For a Netflix original, Drew Goddard’s taken the approach of writing the series like a very-long film. In the long run, this is probably a good approach. But that’s in the long run. Netflix is all about “marathoning”. Indeed, I see some people have already finished the series within its opening night. I’m writing this on the launch weekend, so it’s Sunday right now, but it’s still a top UK trend. You give people thirteen episodes of a show all at once and it continues to be talked about, because it takes so damn long to get through. Not that its length is a weakness. If anything, it’s a strength. What I hated so much about the Ben Affleck Daredevil was it rushed the preliminary exposition, resulting in a skipped origin explanation that made the first act seem more like a pilot episode recap.

But the series doesn’t make that mistake. When a film’s fourteen hours long, you can go into an awful lot of detail and depth. So Into the Ring, as a first episode, does exactly that: it puts Daredevil into his situation. The story begins as the vigilante character begins himself operating. While we get only a few glimpses of the character, those few minutes are unrelenting. The fight scenes are choreographed perfectly and realistically, and the iconic Daredevil outfit is nowhere to be seen. When a boxer first begins his career, he actually has to work for his nickname. In this sense, Daredevil does not exist, and these thirteen episodes chronicle the slow labour of his beginning.

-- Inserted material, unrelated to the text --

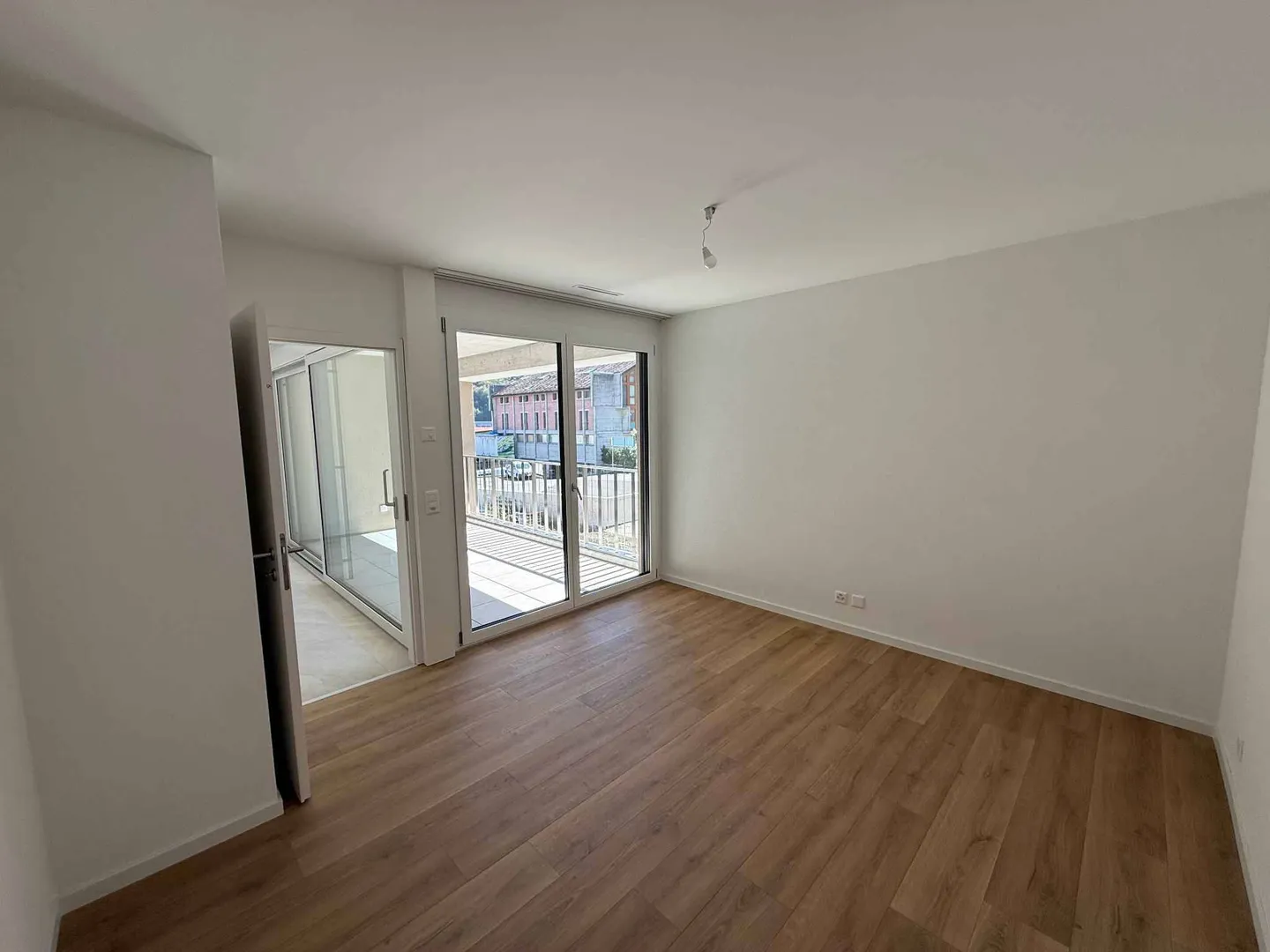 Appartement moderne avec terrasse - Photo 6 sur 11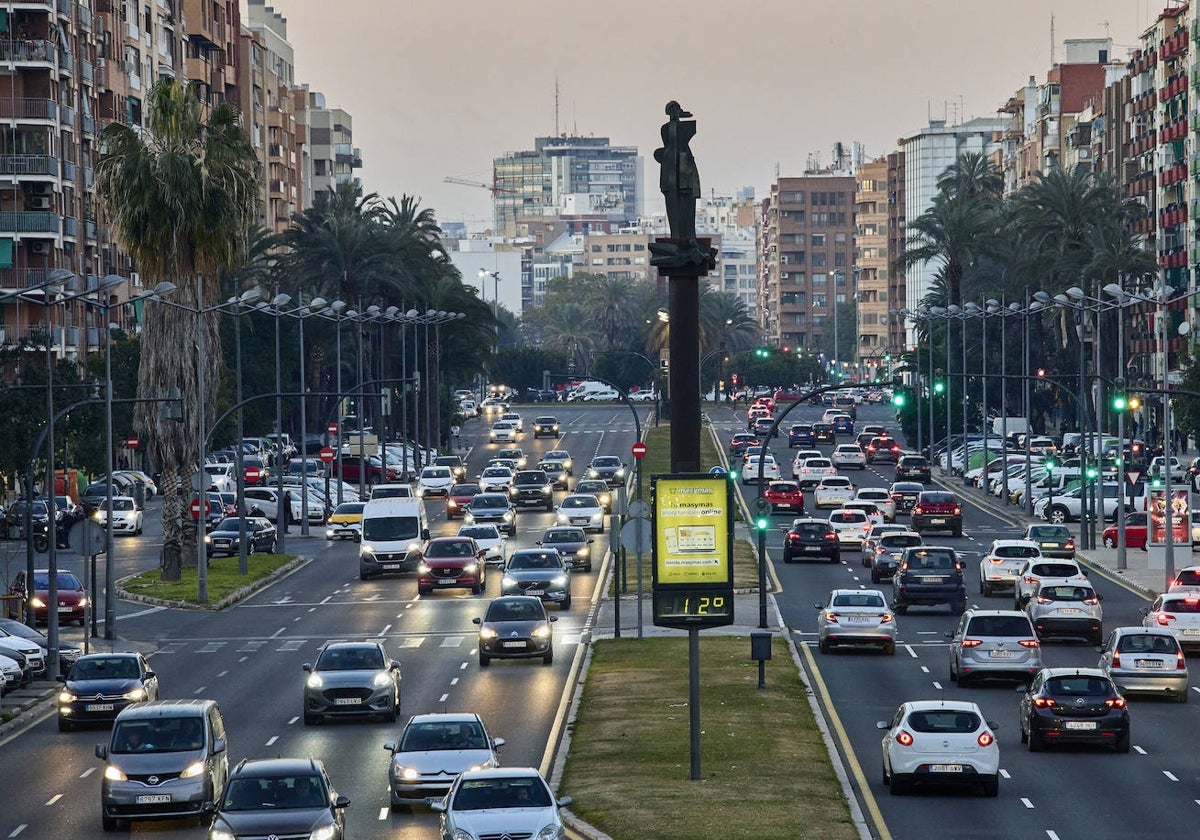 Vehículos circulando por la avenida Ausiàs March.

That also means there’s a lot of setup. The characters are introduced over the course of the episode, but I like that mentality. It’s spread-out, and not rushed. It’s like how a meal consists of a starter, a main course and a desert. Well I like all three stages just the same. Even if the starter’s just an orange juice, it’s acidic and freshly squeezed, exotic. And exotic is definitely the word for this. The tone and style of the show manages to be dark yet realistic, dramatic yet believable. And all of it revolves around the lead actor Charlie Cox, who already I can tell you is a perfect casting choice. He’s a man who exudes both intelligence, creepiness and an internal conflict. Even his body language alone tells you he’s verging on constant anger, but chooses to substitute it with charisma. Perhaps Sony should be getting onto him about being the next Bond villain?

I’ve only seen fifty minutes of it so far, but already I can tell I’m in for a great show. I could get into this Netflix thing. This was the series that convinced me to try it out.